Regarding power, the value is unknown and I have set the source strength in my settings as

# Source definition
am_be_source = openmc.Source()
am_be_source.space = openmc.stats.Box((44.2, 93.2, -31.5), (44.7, 93.7, -30))
am_be_source.angle = openmc.stats.Isotropic()
am_be_source.energy = openmc.stats.Discrete([4.3e6], [1])
am_be_source.time = openmc.stats.Uniform(0, 1)
am_be_source.strength = 10 * 2 * 10**6


pu_be_source_1 = openmc.Source()
pu_be_source_1.space = openmc.stats.Box((37.2, 128.2, -31.5), (37.7, 128.7, -30))
pu_be_source_1.angle = openmc.stats.Isotropic()
pu_be_source_1.energy = openmc.stats.Discrete([4.1e6], [1])
pu_be_source_1.time = openmc.stats.Uniform(0, 1)
pu_be_source_1.strength = 1.8 * 10**6


pu_be_source_2 = openmc.Source()
pu_be_source_2.space = openmc.stats.Box((51.2, 128.2, -31.5), (51.7, 128.7, -30))
pu_be_source_2.angle = openmc.stats.Isotropic()
pu_be_source_2.energy = openmc.stats.Discrete([4.1e6], [1])
pu_be_source_2.time = openmc.stats.Uniform(0, 1)
pu_be_source_2.strength = 1.8 * 10**6


pu_be_source_3 = openmc.Source()
pu_be_source_3.space = openmc.stats.Box((37.2, 93.2, -31.5), (37.7, 93.7, -30))
pu_be_source_3.angle = openmc.stats.Isotropic()
pu_be_source_3.energy = openmc.stats.Discrete([4.1e6], [1])
pu_be_source_3.time = openmc.stats.Uniform(0, 1)
pu_be_source_3.strength = 1.8 * 10**6


pu_be_source_4 = openmc.Source()
pu_be_source_4.space = openmc.stats.Box((51.2, 93.2, -31.5), (51.7, 93.7, -30))
pu_be_source_4.angle = openmc.stats.Isotropic()
pu_be_source_4.energy = openmc.stats.Discrete([4.1e6], [1])
pu_be_source_4.time = openmc.stats.Uniform(0, 1)
pu_be_source_4.strength = 1.8 * 10**6


# Combine all sources into one list
sources = [am_be_source, pu_be_source_1, pu_be_source_2, pu_be_source_3, pu_be_source_4]

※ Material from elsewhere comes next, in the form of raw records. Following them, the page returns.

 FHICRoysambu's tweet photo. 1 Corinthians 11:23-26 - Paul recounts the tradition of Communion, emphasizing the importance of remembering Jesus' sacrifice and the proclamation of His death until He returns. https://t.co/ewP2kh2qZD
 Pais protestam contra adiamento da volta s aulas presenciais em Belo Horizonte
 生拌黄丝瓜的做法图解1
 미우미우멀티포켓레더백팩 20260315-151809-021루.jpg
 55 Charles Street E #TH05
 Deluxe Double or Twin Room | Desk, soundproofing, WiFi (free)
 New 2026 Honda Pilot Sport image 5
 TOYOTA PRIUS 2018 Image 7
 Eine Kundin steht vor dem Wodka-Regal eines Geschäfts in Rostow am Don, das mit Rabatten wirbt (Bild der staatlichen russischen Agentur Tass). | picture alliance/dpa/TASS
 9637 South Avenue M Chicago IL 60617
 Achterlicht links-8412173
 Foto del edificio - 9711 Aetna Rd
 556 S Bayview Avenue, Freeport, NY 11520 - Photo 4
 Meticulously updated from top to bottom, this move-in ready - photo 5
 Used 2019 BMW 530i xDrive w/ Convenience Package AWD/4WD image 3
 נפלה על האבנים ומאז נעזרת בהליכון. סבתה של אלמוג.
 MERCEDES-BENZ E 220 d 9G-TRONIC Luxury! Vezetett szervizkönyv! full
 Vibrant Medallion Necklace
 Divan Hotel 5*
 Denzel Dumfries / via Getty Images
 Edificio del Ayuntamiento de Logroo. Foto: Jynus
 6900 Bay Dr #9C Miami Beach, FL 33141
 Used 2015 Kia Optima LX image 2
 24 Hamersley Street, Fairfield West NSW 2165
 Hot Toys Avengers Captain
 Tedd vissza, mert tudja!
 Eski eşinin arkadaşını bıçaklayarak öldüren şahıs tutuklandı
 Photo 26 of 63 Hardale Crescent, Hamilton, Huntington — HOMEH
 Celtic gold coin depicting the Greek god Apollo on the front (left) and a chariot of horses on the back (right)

I have messeged you the script thinking the script might help you to understand you better what I am doing and where I might be mistaking. So, if you can spare some of your time to look at that, I’d be grateful and TIA :grinning:

By the way, thanks for referring to that post but I had already gone through that before posting my question as I was still uncleared :slightly_smiling_face:

Hi Amanda, sorry for the late response.
I have checked your input script, and I think your mesh tally definition is good, but the interpretations are quite complicated.
in your case, when you use 1D mesh while using the same domain (space) definition, then you are tallying a larger mesh which is then averaged with the larger volume. that’s why your flux value is lower in 1D z-axis plot in comparison to 2D xz plot because of the mesh region (volume) in your 2D xz is 96.8748 cc while in your 1D z is 19374.96 cc, larger but most of it has a low neutron population.
If you use the same volume by indicating a smaller domain, i.e. near your neutron source but with a proper x width to make sure that it covers the same region as your 2D XZ plot, then you will get the proper average neutron flux.
Also, I hope you noticed that your 2D xz plot itself is just reporting the average neutron flux along the y-axis from -14 to 165 when you see it from the xz plane. so the actual neutron flux locally at some point near your source could be higher.
I am troubleshooting your problem with eigenvalue mode but I think it still works with fixed source. here is the 2D xz plot in fixed source

and here is the 1D z-axis plot, sorry that I can’t get the x position as close as the peak neutron flux shown in xz plot (on the left). but you can change it later as you want.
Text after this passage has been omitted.